Ambos grupos reportaron una disminución en la soledad a lo largo del tiempo. Después de tres meses, los puntajes de soledad disminuyeron un 10.5%, y un 16.8% después de un año. Sin embargo, los resultados mostraron que el enfoque grupal fue más beneficioso para aquellos que inicialmente se sentían más solos y menos emocionalmente estables.
- Los participantes con mayores niveles de soledad y menor bienestar emocional experimentaron mejoras significativas con el programa grupal.
- Los que comenzaban con niveles más bajos de soledad y mejor estado emocional no mostraron diferencias significativas en comparación con el enfoque individual.
- El programa no mejoró de manera significativa la calidad de vida relacionada con la salud en ninguno de los grupos.
El papel crucial de la conexión social
La soledad puede ser un desafío complejo. Para aquellos que ya se sienten aislados, simplemente sugerirles que pasen más tiempo al aire libre puede resultar difícil de implementar. Aunque un paseo por el parque puede ofrecer aire fresco y actividad física, no garantiza la conexión humana que muchos necesitan.

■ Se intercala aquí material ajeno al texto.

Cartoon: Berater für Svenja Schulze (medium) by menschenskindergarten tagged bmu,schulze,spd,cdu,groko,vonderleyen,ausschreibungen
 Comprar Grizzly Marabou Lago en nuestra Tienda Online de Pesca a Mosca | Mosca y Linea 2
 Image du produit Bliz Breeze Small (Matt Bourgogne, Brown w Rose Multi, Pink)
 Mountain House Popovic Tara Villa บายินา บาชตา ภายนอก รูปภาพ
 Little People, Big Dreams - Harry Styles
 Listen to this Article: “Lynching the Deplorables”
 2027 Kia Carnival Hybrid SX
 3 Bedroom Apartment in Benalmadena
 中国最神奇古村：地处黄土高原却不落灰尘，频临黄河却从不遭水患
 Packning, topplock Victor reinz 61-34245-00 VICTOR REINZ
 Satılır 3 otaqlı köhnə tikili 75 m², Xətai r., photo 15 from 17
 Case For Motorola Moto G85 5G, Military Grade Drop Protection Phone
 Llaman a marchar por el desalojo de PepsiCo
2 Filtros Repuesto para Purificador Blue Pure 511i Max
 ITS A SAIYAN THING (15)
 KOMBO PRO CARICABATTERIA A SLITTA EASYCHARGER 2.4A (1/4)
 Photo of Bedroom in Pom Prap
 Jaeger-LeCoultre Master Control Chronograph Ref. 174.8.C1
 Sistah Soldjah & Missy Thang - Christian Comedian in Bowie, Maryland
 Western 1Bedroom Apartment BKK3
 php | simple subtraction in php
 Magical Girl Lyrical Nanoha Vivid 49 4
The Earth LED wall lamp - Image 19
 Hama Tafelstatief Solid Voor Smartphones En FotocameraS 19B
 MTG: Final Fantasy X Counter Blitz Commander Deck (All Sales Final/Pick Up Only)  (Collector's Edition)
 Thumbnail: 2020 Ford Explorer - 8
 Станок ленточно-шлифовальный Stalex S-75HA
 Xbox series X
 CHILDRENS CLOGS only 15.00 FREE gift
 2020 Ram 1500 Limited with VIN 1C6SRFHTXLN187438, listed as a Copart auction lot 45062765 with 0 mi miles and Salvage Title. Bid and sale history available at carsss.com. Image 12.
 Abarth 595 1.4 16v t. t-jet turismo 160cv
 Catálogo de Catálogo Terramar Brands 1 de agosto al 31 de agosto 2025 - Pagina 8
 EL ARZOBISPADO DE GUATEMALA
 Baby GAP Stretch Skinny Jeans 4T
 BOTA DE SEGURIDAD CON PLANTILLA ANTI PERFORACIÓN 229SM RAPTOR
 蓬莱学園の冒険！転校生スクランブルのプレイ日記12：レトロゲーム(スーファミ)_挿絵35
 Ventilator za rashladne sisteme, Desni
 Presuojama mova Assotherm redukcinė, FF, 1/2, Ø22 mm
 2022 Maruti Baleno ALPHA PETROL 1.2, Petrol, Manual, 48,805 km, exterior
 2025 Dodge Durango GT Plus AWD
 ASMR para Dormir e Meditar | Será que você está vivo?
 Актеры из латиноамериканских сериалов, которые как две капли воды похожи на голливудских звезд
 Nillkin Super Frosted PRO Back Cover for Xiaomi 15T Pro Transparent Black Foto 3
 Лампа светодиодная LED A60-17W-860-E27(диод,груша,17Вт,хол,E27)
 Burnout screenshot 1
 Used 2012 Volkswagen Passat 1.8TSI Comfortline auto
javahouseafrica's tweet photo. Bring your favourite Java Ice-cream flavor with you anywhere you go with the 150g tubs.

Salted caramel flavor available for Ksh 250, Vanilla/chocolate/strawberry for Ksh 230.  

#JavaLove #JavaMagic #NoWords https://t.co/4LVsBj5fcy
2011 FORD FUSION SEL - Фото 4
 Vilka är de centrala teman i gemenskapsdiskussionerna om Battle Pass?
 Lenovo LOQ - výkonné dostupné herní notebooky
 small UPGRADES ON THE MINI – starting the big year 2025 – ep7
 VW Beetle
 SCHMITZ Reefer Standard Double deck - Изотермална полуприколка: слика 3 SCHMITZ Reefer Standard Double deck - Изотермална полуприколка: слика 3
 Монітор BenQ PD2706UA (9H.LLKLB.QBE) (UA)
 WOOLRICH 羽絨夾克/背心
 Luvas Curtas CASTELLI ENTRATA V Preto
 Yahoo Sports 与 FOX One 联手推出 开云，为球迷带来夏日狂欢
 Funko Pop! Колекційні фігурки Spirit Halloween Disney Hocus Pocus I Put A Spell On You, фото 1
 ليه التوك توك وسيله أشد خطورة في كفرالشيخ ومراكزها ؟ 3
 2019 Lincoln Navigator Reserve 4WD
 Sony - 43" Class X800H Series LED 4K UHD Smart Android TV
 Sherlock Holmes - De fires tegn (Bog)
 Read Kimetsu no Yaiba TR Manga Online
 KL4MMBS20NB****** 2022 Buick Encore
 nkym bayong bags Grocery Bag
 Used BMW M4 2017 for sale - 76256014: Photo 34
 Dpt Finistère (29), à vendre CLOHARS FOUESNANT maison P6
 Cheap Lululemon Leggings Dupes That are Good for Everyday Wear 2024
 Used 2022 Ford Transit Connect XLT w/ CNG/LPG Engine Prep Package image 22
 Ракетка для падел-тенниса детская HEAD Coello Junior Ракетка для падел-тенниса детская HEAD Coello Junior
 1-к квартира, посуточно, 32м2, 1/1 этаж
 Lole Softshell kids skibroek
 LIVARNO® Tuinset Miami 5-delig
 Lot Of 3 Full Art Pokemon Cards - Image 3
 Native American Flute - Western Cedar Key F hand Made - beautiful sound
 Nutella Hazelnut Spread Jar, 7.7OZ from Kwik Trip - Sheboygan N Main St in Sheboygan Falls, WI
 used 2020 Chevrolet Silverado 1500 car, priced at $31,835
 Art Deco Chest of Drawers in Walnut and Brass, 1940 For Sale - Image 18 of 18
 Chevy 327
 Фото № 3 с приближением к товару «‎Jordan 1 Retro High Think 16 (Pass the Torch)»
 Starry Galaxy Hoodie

El programa grupal abordó eficazmente ambos aspectos: la interacción en un entorno natural y las oportunidades regulares para socializar. Esto puede explicar por qué aquellos que comenzaban con altos niveles de soledad y angustia emocional se beneficiaron más del programa estructurado. La naturaleza proporcionó el entorno, pero el contacto social continuo fue un elemento crucial para el éxito del enfoque.
Cómo hacer que el tiempo en la naturaleza sea más social
Si la soledad ha comenzado a ser parte de tu rutina, considera elegir actividades al aire libre que incluyan a otras personas. Aquí hay algunas sugerencias:
- Únete a un grupo de caminatas.
- Participa en un jardín comunitario.
- Forma parte de un club de senderismo.
- Asiste a clases al aire libre recurrentes.
Estas actividades no solo te animarán a salir de casa, sino que también te ofrecerán oportunidades para crear conexiones significativas. No es necesario entrar en un grupo de desconocidos y hacer amigos de inmediato; ver a las mismas personas con regularidad puede facilitar el proceso de socialización.
Si un entorno grupal parece abrumador, no dudes en disfrutar de la naturaleza por tu cuenta. El estudio demostró que las personas con niveles más bajos de soledad y angustia emocional también se beneficiaron del enfoque individual.
Conclusiones sobre la soledad y la naturaleza
Pasar tiempo al aire libre puede ser un alivio para la soledad, pero la combinación de la naturaleza con la interacción social puede ser aún más efectiva, especialmente para quienes se sienten profundamente aislados. Este enfoque dual puede ofrecer el apoyo necesario para aquellos que buscan mejorar su bienestar emocional.
De esta manera, es fundamental reconocer que la soledad es un sentimiento complejo que puede variar enormemente de una persona a otra. La clave puede estar en encontrar un equilibrio entre disfrutar del entorno natural y fomentar conexiones sociales significativas.